I don't really know how to start this blog. I've been sitting here for the last 20 minutes to try and figure out a good opening. I haven't figured out a good opening though. In our lives we all suffer some kind of heartbreak that leaves us in ruins. If I had the time I could list a fist full of times when the relationships and friendships that I had were completely ruined and I was left heartbroken from the loss of that person in my life. Instead of writing of all of those times, I'll just write about the most recent time to try and make my point.
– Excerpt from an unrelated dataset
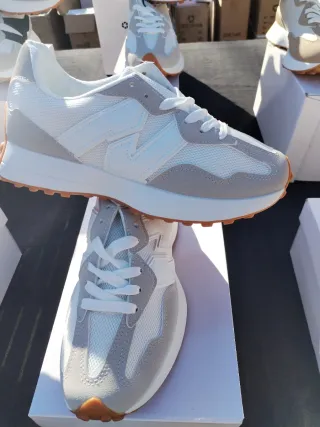 Vendo deportivas super cómodas y a muy buen precio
It was almost a year ago and I had been living with my friends at that time. We were all friends prior to living together and thought living together would be a good idea. However when I had returned back to my apartment, things went really wrong. There was a argument that occurred between two of the three of us that were living together. It was over something completely insignificant, but it got to the point where I was outcasted in my own apartment. I was being talked about behind my back, my best friend at the time was being talked about because of her relationship with me, and I felt like I had lost the family that I had loved and cared about more than my own self. Prior to this argument with my roommates, I had fought with my parents to stay at the university I am attending. I didn't want to leave my friends behind, the friends that I thought were my family and that nothing would ever change. When this happened, I had so much hatred towards them. Every time I saw them I wanted to just yell at them, since the apartment was in my name and my parents were helping me cover the costs, my parents wanted me to kick them out. I went into a depression being so broken by these people. They turned everyone against me, I had no friends except for my best friends and I still felt so alone. But people still thought we were the best of friends and that every thing was good. I couldn't get myself to separate myself from them despite the hurt I felt because of them. To this day, against my better judgement I still care about them, but I'm still a passive aggressive (excuse my language) bitch towards them.
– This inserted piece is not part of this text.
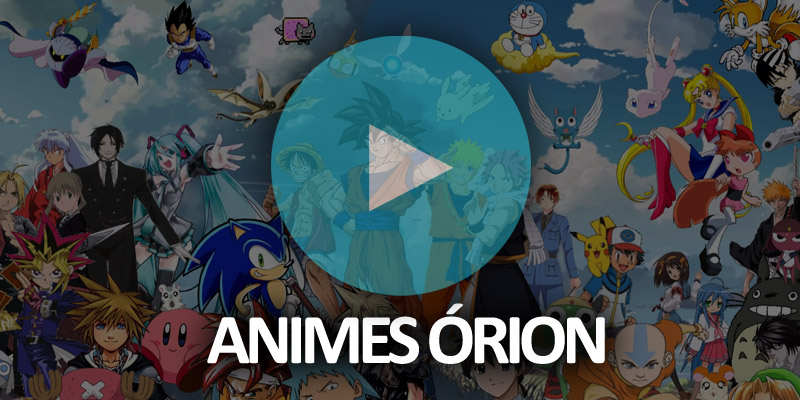 Animes Órion APK (Android App) - Free Download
I realize that in any argument it takes both sides to cause the problem that is the basis of that argument. I know I did wrong in that situation and I don't deny that. I realize that what they did and how they went about things was their own way of dealing with problems and although I wouldn't have done things the way they did things, I understood and I forgave them for that. I forgave them for the situation that occurred and because we are still tied together because of other organizations, I have learned to have a basic conversation with them without being mad. I just can't forget it. I can't help but have a shorter temper with them. I can't help but remember every emotion that I felt in those 5 months of living together whenever I see their faces.
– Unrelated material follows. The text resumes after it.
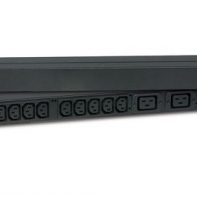 купить Rack PDU,Basic, 1U, 16A,208 в Алматы фото 1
Forgiving them or anyone who has hurt me, is easy once I can logically process why they did what they did. Forgetting is a different topic. When a situation causes me so much pain and heartbreak that I can't function, forgetting is close to impossible.
A friend of mine talked to me and told me about how he believed his dream was telling him that he should forgive, forget, and let go of his past relationship so he could move on and enter new relationships. In that moment I felt jealous of him. That he was able to do that because of a dream and the meanings behind his dream. I'm glad though that he shared his dream with me. There was an object that had a very significant meaning and when we both looked up the meaning and talked about it, I realized that even though it was 4 almost 5 am when we were talking, maybe I wasn't supposed to fall asleep until after I talked to him. Maybe in his dream that object signified he was supposed to move on, but for me signified that he was a friend and person that is supposed to be in my life to teach me something and show me new things about the world, relationships and forgiveness.